* **Exercise requirements**
Images in the data are to be skipped, while every line is restated exactly as written.

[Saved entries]

········

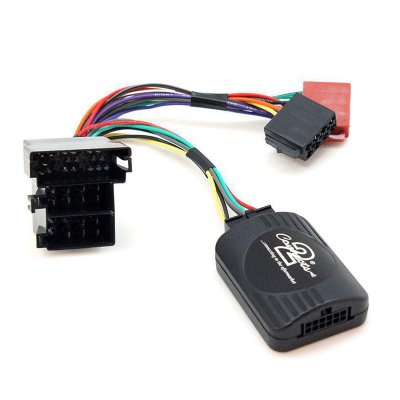 اینترفیس فابریک زانتیا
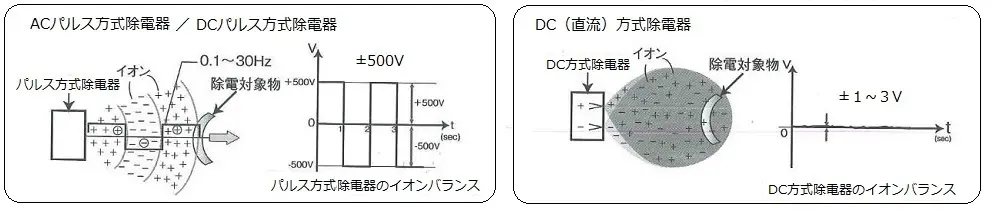 除電器による静電気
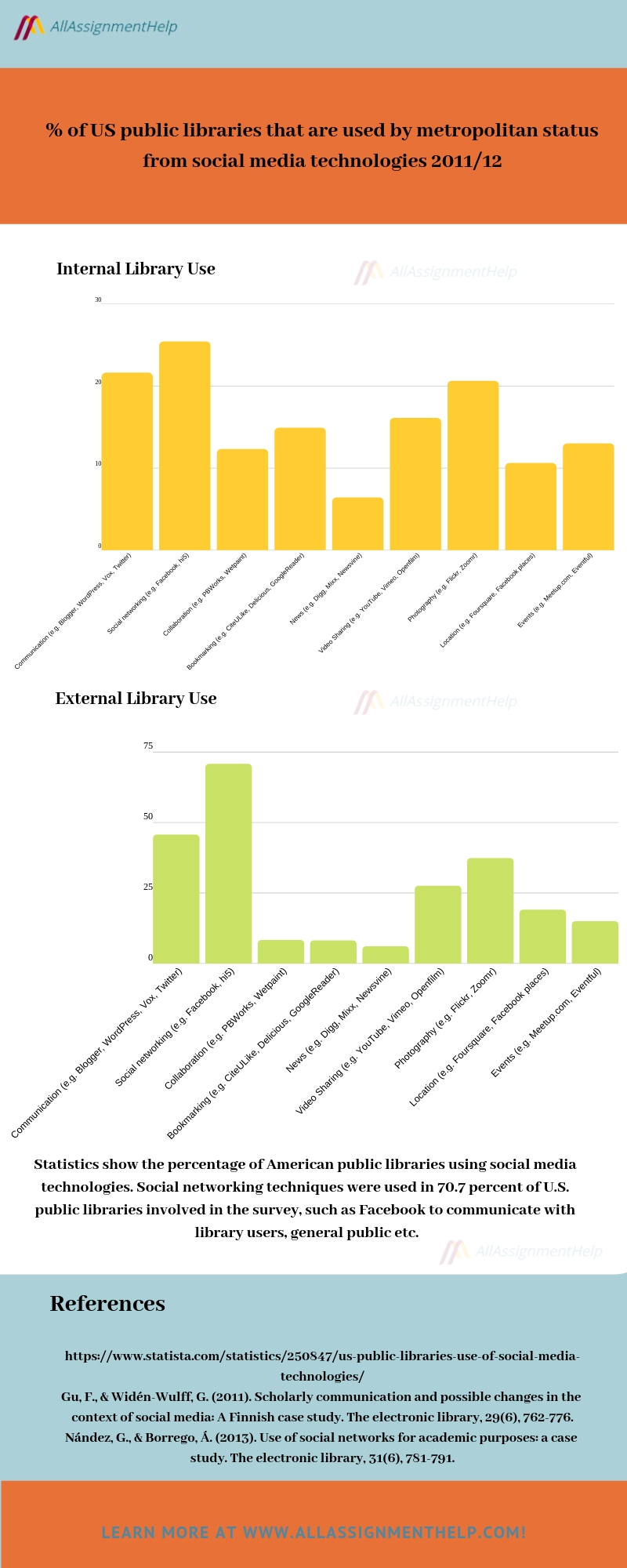Statistics on use of social media in library.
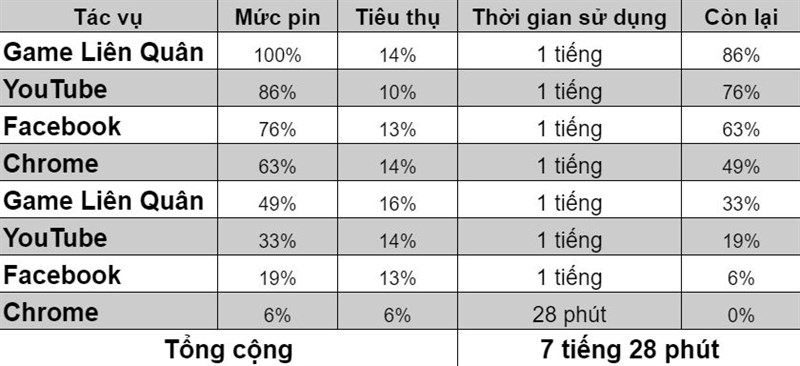 Kết quả của bài test pin quen thuộc 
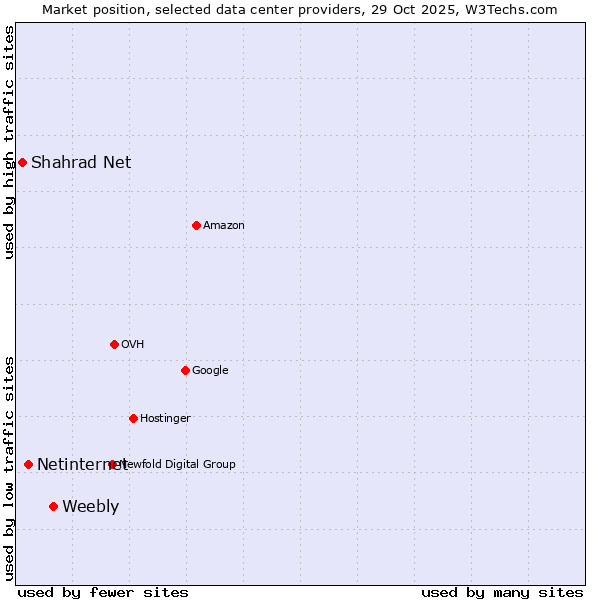 Market position of Weebly vs. Netinternet vs. Shahrad Net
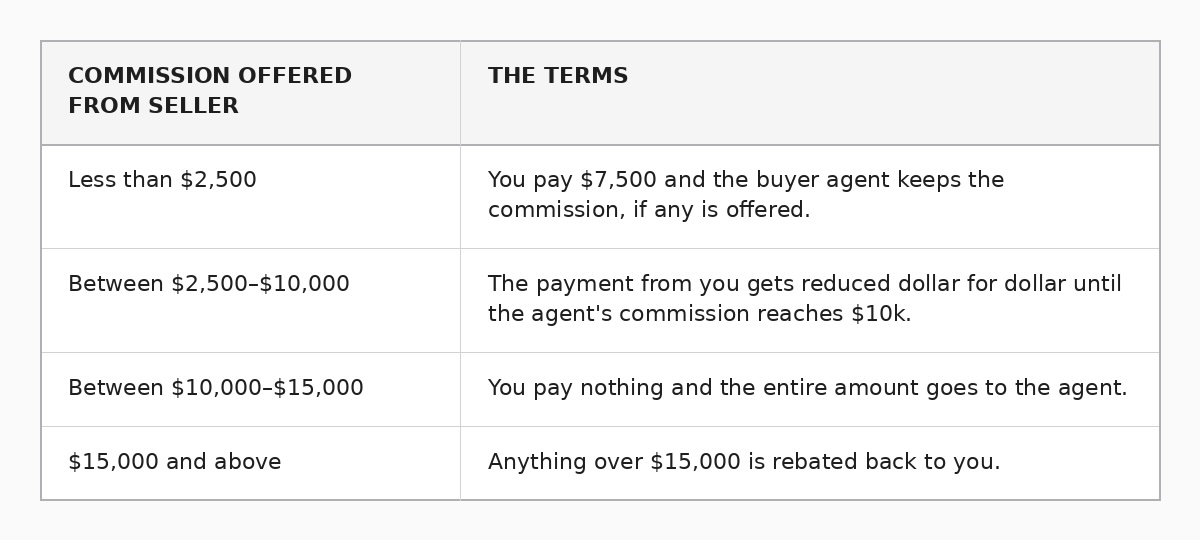 Commission table Commission table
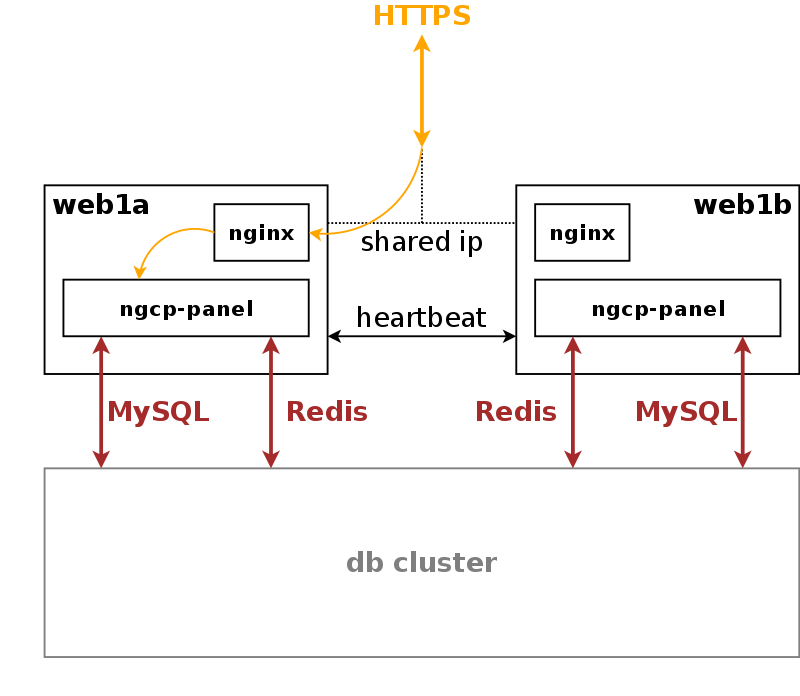 Web Server Overview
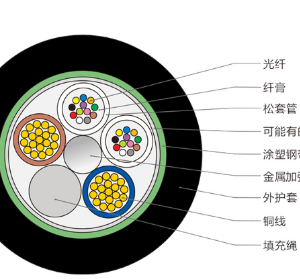 24芯OPLC复合光缆，光纤复合低压电缆
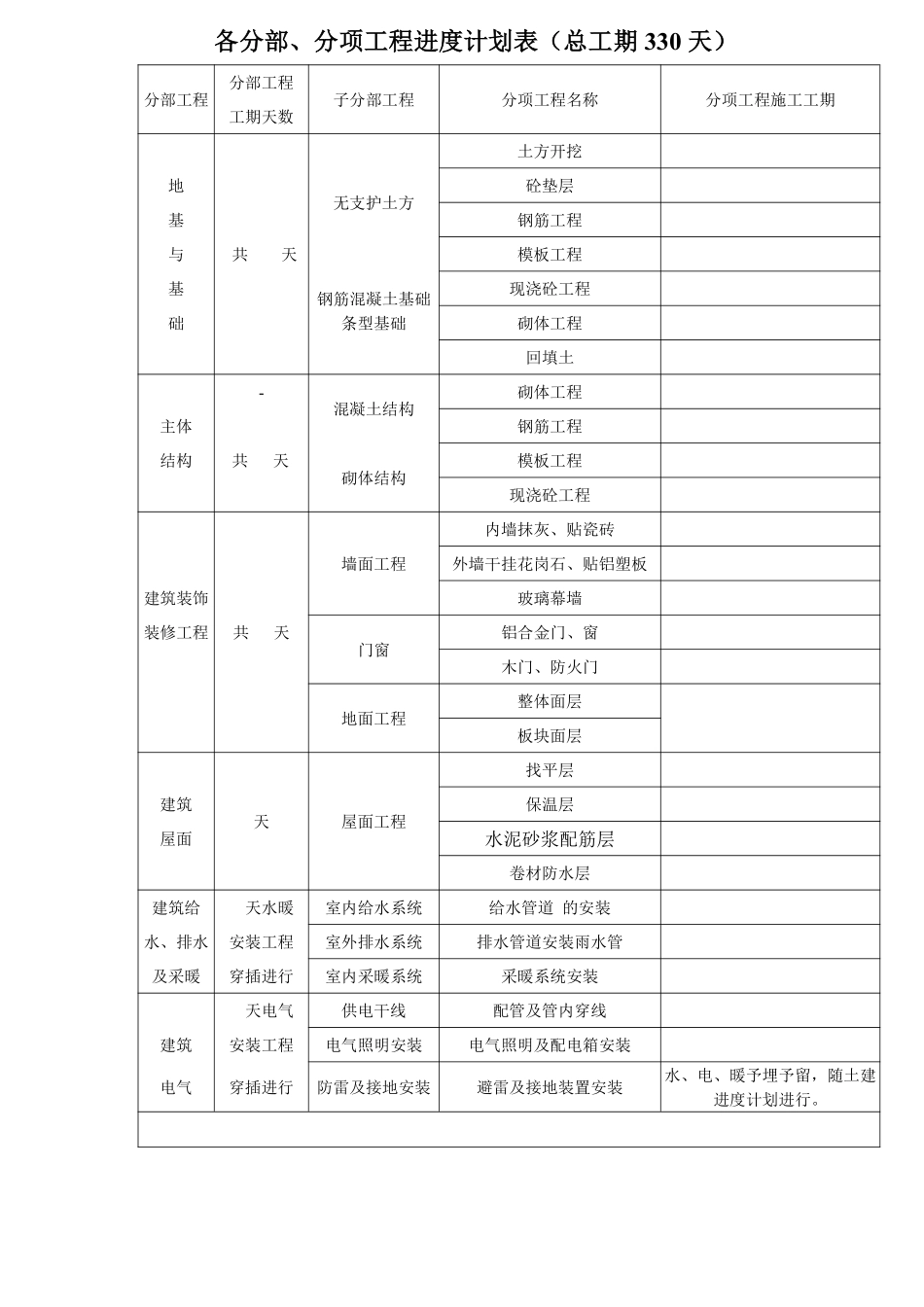 10、各分部、分项工程进度计划表（需要补充的）.pdf_第1页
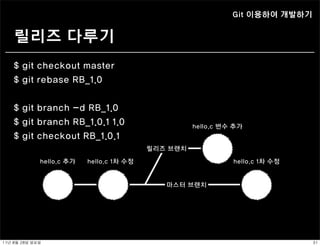 Git 이용하여 개발하기


     릴리즈 다루기
    $ git checkout master
    $ git rebase RB_1.0


    $ git branch -d RB_1.0
    $ git branch RB_1.0.1 1.0                          hello.c 변수 추가
    $ git checkout RB_1.0.1
                                             릴리즈 브랜치

                hello.c 추가   hello.c 1차 수정                       hello.c 1차 수정


                                                마스터 브랜치




11년	 8월	 28일	 일요일                                                                31
 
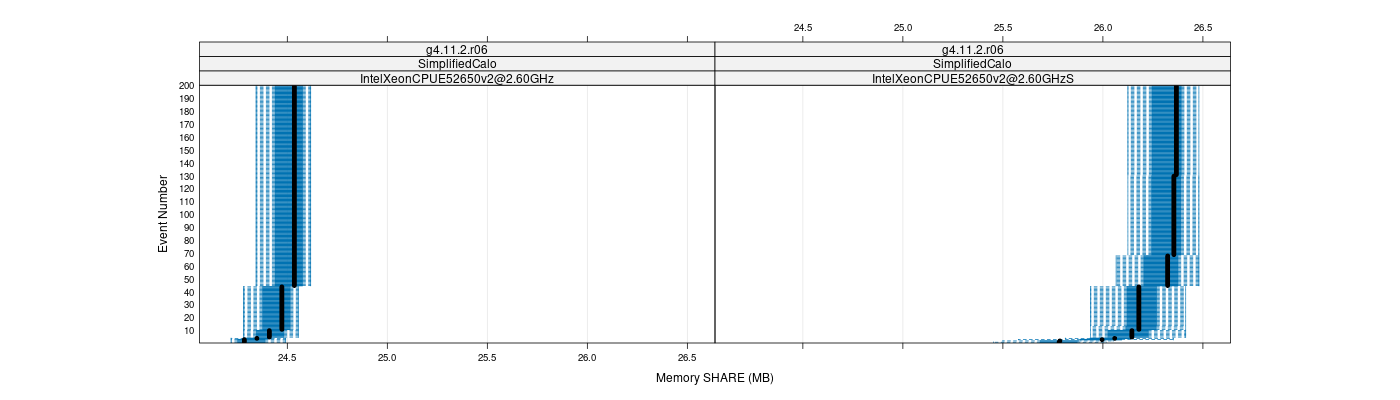 prof_memory_share_plot.png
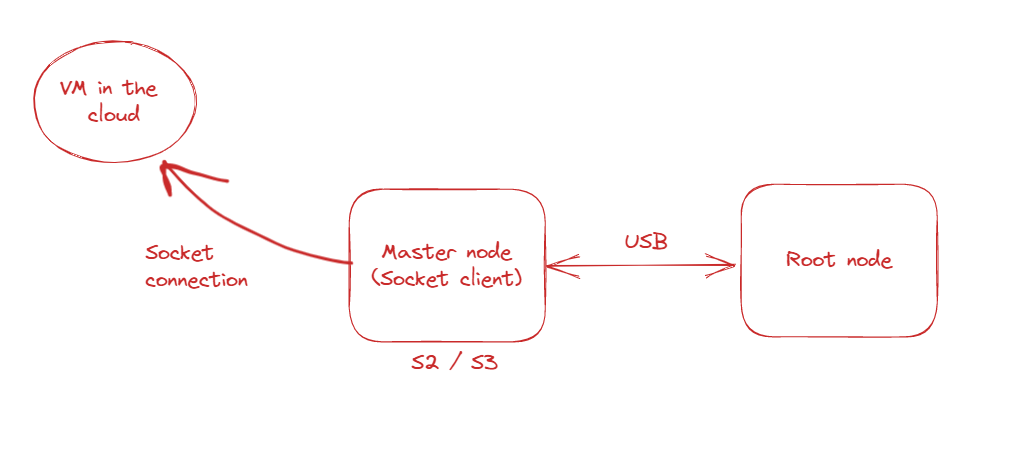 master node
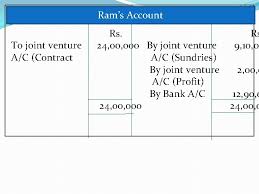 Coupled together in interest or liability. Accounting For Joint Ventures Meaning A Very Short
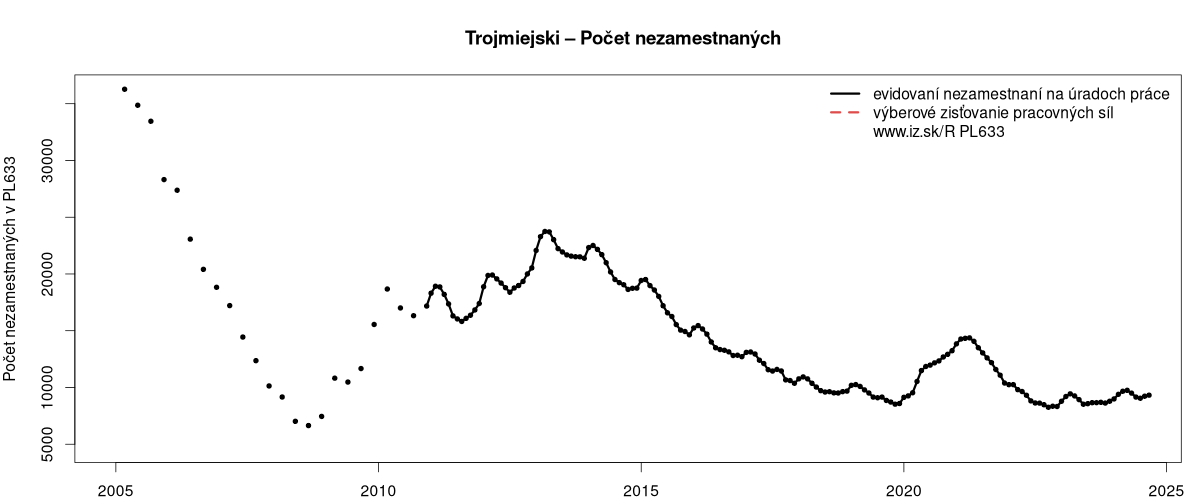 porovnanie počtu nezamestnaných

········

* **Task result**
 اینترفیس فابریک زانتیا
 除電器による静電気
Statistics on use of social media in library.
 Kết quả của bài test pin quen thuộc 
 Market position of Weebly vs. Netinternet vs. Shahrad Net
 Commission table Commission table
 Web Server Overview
 24芯OPLC复合光缆，光纤复合低压电缆
 10、各分部、分项工程进度计划表（需要补充的）.pdf_第1页
 Git 이용하여 개발하기


     릴리즈 다루기
    $ git checkout master
    $ git rebase RB_1.0


    $ git branch -d RB_1.0
    $ git branch RB_1.0.1 1.0                          hello.c 변수 추가
    $ git checkout RB_1.0.1
                                             릴리즈 브랜치

                hello.c 추가   hello.c 1차 수정                       hello.c 1차 수정


                                                마스터 브랜치




11년	 8월	 28일	 일요일                                                                31
 
 prof_memory_share_plot.png
 master node
 Coupled together in interest or liability. Accounting For Joint Ventures Meaning A Very Short
 porovnanie počtu nezamestnaných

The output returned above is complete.